BEGIN

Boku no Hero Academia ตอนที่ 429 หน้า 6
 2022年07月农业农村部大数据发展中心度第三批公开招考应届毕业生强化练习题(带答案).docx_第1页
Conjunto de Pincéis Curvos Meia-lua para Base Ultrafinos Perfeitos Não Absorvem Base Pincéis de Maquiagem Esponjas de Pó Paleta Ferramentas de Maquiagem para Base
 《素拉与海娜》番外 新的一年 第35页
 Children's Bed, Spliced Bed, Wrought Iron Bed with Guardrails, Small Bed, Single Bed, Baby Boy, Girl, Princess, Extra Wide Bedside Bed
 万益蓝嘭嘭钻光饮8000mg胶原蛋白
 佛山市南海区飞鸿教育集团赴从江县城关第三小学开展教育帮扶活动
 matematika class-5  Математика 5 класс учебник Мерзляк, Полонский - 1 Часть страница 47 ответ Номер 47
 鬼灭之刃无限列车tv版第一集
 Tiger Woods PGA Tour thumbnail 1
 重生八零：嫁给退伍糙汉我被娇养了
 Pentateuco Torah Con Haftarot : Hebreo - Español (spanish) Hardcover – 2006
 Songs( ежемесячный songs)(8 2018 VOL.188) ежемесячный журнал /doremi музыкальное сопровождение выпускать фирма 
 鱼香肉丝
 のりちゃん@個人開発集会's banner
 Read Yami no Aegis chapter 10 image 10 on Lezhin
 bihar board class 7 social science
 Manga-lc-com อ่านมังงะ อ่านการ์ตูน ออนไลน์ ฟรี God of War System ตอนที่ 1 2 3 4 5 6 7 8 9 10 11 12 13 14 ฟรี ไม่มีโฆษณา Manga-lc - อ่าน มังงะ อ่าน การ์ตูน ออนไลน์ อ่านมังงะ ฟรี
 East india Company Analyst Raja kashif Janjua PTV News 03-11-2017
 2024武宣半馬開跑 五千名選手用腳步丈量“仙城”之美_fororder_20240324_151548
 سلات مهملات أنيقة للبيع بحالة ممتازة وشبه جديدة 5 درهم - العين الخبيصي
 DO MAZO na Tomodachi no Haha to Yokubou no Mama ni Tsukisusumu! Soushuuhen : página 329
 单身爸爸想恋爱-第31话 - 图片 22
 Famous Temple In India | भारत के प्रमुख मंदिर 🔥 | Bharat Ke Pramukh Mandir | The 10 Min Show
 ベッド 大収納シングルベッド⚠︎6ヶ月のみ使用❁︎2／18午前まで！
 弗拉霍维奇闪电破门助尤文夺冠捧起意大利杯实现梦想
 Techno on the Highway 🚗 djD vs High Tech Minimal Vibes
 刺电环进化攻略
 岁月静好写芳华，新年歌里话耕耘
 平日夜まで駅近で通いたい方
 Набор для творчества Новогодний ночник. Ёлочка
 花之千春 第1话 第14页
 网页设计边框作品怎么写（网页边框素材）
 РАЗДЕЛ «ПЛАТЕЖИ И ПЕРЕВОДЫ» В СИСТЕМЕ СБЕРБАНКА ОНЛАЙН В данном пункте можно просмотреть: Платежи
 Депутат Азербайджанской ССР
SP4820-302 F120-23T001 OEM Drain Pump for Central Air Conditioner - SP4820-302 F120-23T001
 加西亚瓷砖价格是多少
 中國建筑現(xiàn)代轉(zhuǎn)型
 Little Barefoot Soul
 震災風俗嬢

END

*Assignment:*
Print exactly the lines from the one containing "можно просмотреть: Платежи" through the last line of the records above, both included.

*Answer section:*
 РАЗДЕЛ «ПЛАТЕЖИ И ПЕРЕВОДЫ» В СИСТЕМЕ СБЕРБАНКА ОНЛАЙН В данном пункте можно просмотреть: Платежи
 Депутат Азербайджанской ССР
SP4820-302 F120-23T001 OEM Drain Pump for Central Air Conditioner - SP4820-302 F120-23T001
 加西亚瓷砖价格是多少
 中國建筑現(xiàn)代轉(zhuǎn)型
 Little Barefoot Soul
 震災風俗嬢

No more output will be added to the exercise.